His achievements are legion—but what changes have brought him the most satisfaction?
He singles out three developments: law centres; the duty solicitor scheme in magistrates’ courts; and the Bill of Rights that became the Human Rights Act 1998 (HRA 1998)
Justice for all
Zander was in America in 1964 on a Ford Foundation grant looking into the development of neighbourhood law firms as part of President Lyndon Johnson’s ‘war on poverty’. He became the first person in the UK to write about the idea, and was chief draftsman of the pamphlet Justice for All, published in 1968 by the Society of Labour Lawyers, which recommended setting up ‘local legal centres’ in poor areas. The first law centre opened in North Kensington in June 1970 through the initiative of local lawyers, led by Peter Kandler.
‘Law centres have become a very significant part of the structure of legal services,’ he says. ‘I just wish there were more as they do a good job.’
Call of duty
In 1969, a research project he undertook with students led to his article ‘Unrepresented Defendants in the Criminal Courts’ in the Criminal Law Review.
‘Contrary to official wisdom at the time, the study found that the majority of defendants sentenced to imprisonment by magistrates were unrepresented,’ he says.
He was the chief author of JUSTICE’s subsequent 1971 pamphlet The Unrepresented Defendant in the Magistrates’ Court. The following year, local lawyers, working through their local law society, set up the first duty solicitor scheme in Bristol. By 1977 that had grown to 79 and it became a national scheme operating in all magistrates’ courts under the Legal Aid Act 1982.
Standing the test of time
In 1975, Zander published his pamphlet A Bill of Rights? and played a key role in the campaign to persuade senior members of the Labour Party to accept the need to incorporate the European Convention on Human Rights into UK legislation.

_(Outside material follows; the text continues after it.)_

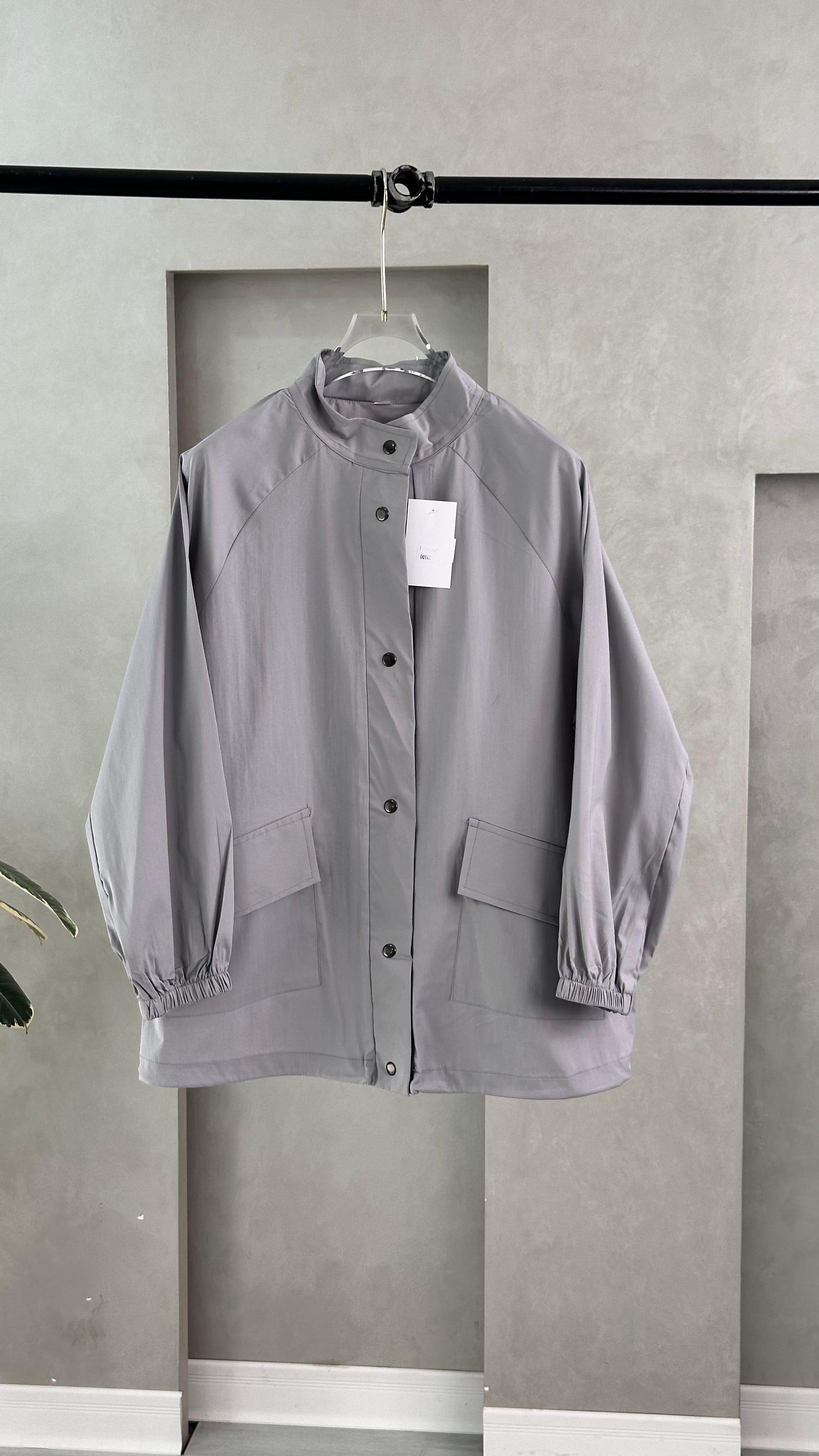 جاكيت نسائي مع جيب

‘It was a huge triumph and led to a workable and sensible piece of legislation,’ he recalls. ‘The Act has been a huge power for good and I was extremely unhappy with the attempt by Dominic Raab, the last time he was Lord Chancellor, to undo some of the benefits. I was delighted when the government halted his Bill. I am very disappointed that he has been re-appointed and very concerned that his wretched British Bill of Rights may now go forward.’
Getting institutions to move is hard work. ‘You have to pursue ideas energetically and when they say no, you go on and when they say no again, you go on again,’ he says. ‘Sometimes you get the result you want—but you also need to know when to give up graciously.’
While not all his arrows hit their targets, The Economist magazine perhaps best summed up his legacy in a 1976 article starting ‘Michael Zander—every profession should have one’.